Taking a quick look at soccer (sorry, “football”): the NYC FC just launched a new Chinese-language website and created a presence on the social media platform Weibo in conjunction with the Chinese New Year in early February. The president of NYC FC acknowledged in a press release that “we are seeing ‘soccer tourism’ increase tremendously.” After creating an online presence in Spanish, capturing the third-largest market into NYC became the team’s next focus.

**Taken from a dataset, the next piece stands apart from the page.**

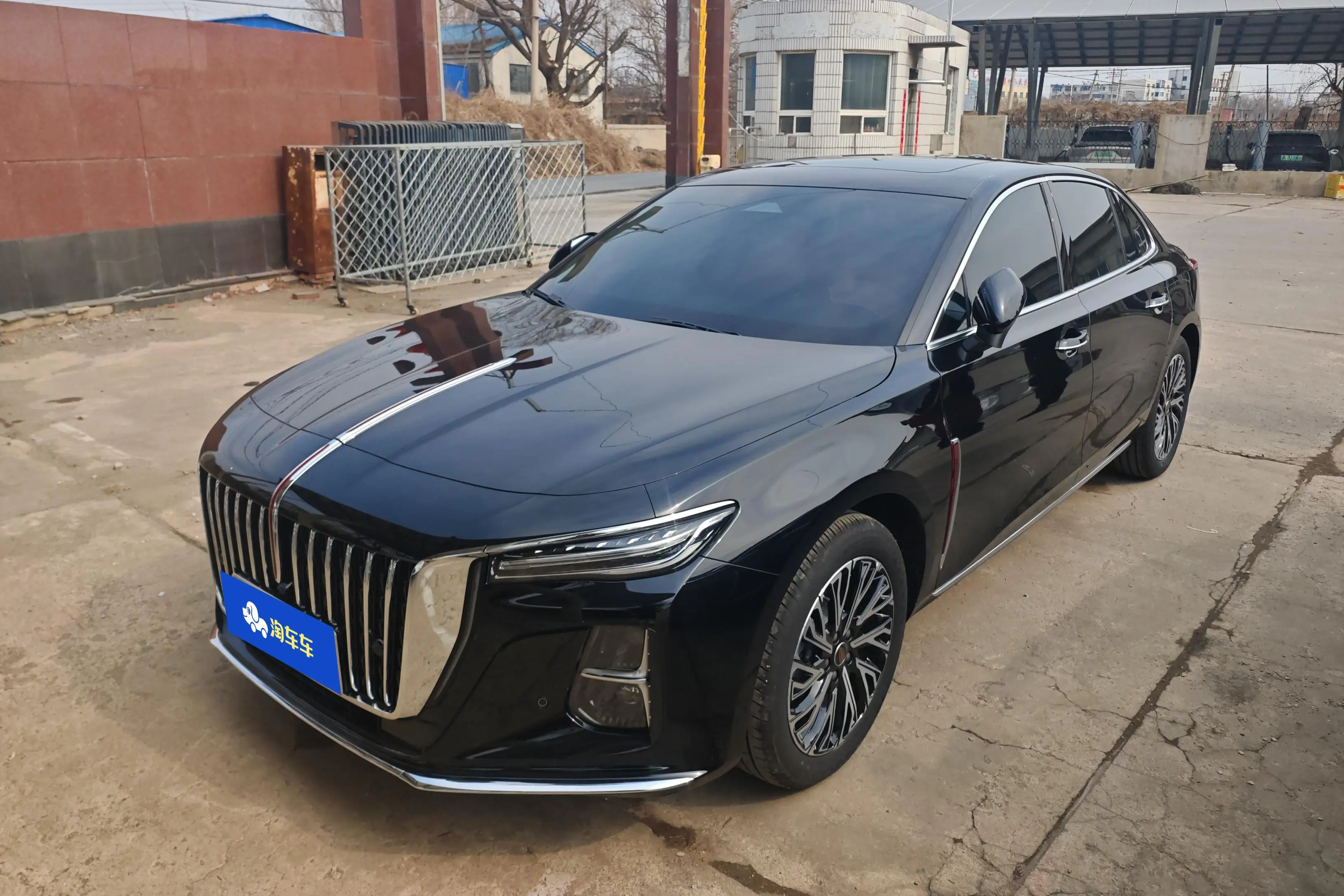 Hongqi H5  из Китая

How is this outreach happening with other entertainment brands? The New York Yankees have had a partnership with the Chinese Baseball Association since 2007, allowing the Yankees to increase their brand recognition in China and to send scouts and coaches to help the CBA train their teams. They’re taking a page from basketball, which learned that recruiting players from China can lead to profits from merchandising, broadcast rights and ticket sales to visitors from China.
And in the cultural market, museums are establishing a presence on Weibo, mounting exhibitions in China, conducting sales calls in China as part of their standard tourism outreach and offering apps and audio guides in both Mandarin and simplified Chinese.
As Broadway fights for its share of the Chinese tourist market, we should take a look at related industries to identify best practices to use for our own outreach.